Figure 1 shows a subset of data from my router configuration page after removing HTML tags and excess white space. This isn't the full page--I trimmed material to make the extract short--but the trick we'll use to get our information will work fine with long data sets too. The trick is to look at the data immediately before what we're after and pick out the shortest bit of it that's always on the page but only appears once.
For example, we're after the Internet address: the obviously bogus value 256.261.381.125. A colon and space immediately precede the address, but that set of characters isn't unique in the data. If we reach further back, we get "Address: ", but that set of characters isn't unique either. However, "Internet Address: " is unique. So we split the data at "Internet Address: ", which gives us an array of two strings, one containing the text before "Internet Address: " and one containing the text after. We need just the second string, which has an index of 1, so we do this:
data = Split(data, _ "Internet Address: ")(1)
Now our job is simple. The first character after the information we want is a space, and because our IP address should never have a space, we can split the data at the space. We keep the first string of the two-string array that Split returns (the first string has an index of 0), like this:
data = Split(data, " ")(0)
and are left with the value 256.261.381.125.

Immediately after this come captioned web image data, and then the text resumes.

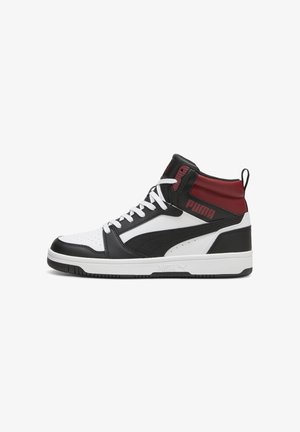Sneaker alta nera e bianca con un mix di materiali in pelle e sintetici, dettagli rossi e lacci bianchi con suola in gomma texture.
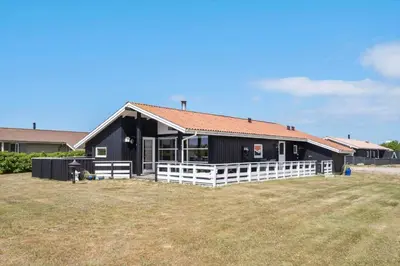 a black house with a white fence in a yard at 111-Harboore-Vejlby-Klit-125 in Harboør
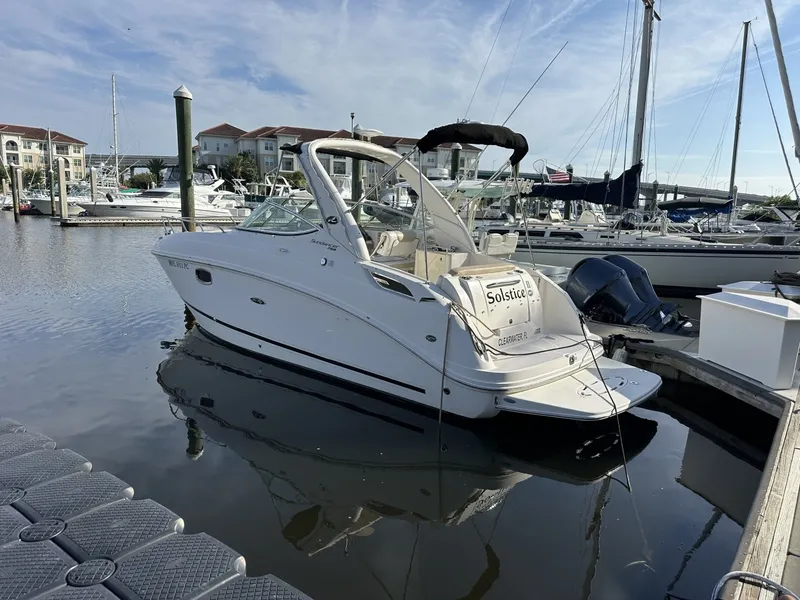 Slide: The Image of A 2010 Sea Ray Sundancer 260 docked in a marina, surrounded by other boats. - 7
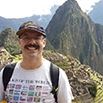 A person with a mustache wearing a hat, glasses, and a white T-shirt smiles while standing outdoors in front of the ancient Inca ruins of Machu Picchu, with green mountains behind—capturing the spirit of adventure with SouthAmerica.travel.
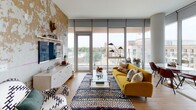Located at 1000 Lake St in Oak Park, Illinois, this thoughtfully designed single-floor residence combines modern architecture with contemporary finishes throughout. The open-concept living area is anchored by expansive floor-to-ceiling windows that flood the space with natural light and offer sweeping views of the surrounding neighborhood skyline, creating an airy, connected ambiance.

The kitchen is a standout feature, appointed with textured wood-grain cabinetry, clean white quartz countertops, a herringbone-patterned tile backsplash, and a full suite of stainless steel appliances including a gas range and French door refrigerator. Open shelving adds both functionality and visual interest.

The bedrooms are generously proportioned, with plush carpeting and large windows — one featuring floor-to-ceiling glass that brings in abundant daylight and urban views. Ample closet space is provided throughout.

The primary bathroom is bright and modern, finished in light neutral tones with a frameless glass walk-in shower, while the secondary bathroom offers a full soaking tub and shower combination with a wood-toned vanity. A dedicated in-unit laundry area houses a stacked washer and dryer for added convenience.

Light hardwood flooring flows through the main living areas, uniting the space with warmth and cohesion.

To see the power of this approach for repeated use, look at Listing 1. I've turned each of the major technical steps--retrieving the page, removing tags and extra white space, and isolating the information substring we want--into a separate function, all shown in callout B. With the functions implemented, extracting the IP address takes just the three lines of code in callout A.
If you read through the code, you'll notice that I use VBScript's Trim function in the GetSubString function even though I didn't use it in this example. Trim simply removes spaces at the beginning and end of text. I use it in the function so you don't need to be precise about including trailing and leading spaces in strings you use to extract data.
The functions also make it easier to adapt the code to your own situation. If you already know how to extract the material from a page using regular expressions and want to do it your own way, you can use just the GetWebXml function to retrieve data and then process it as you wish. If you want more work done for you but have special needs such as extracting multiple strings, you can use the CleanTaggedText function and ignore the GetSubString function. Finally, if you definitely need just one item from a page and have consistent unique text before and after the item, you can use all three functions as I've done to get the information you need.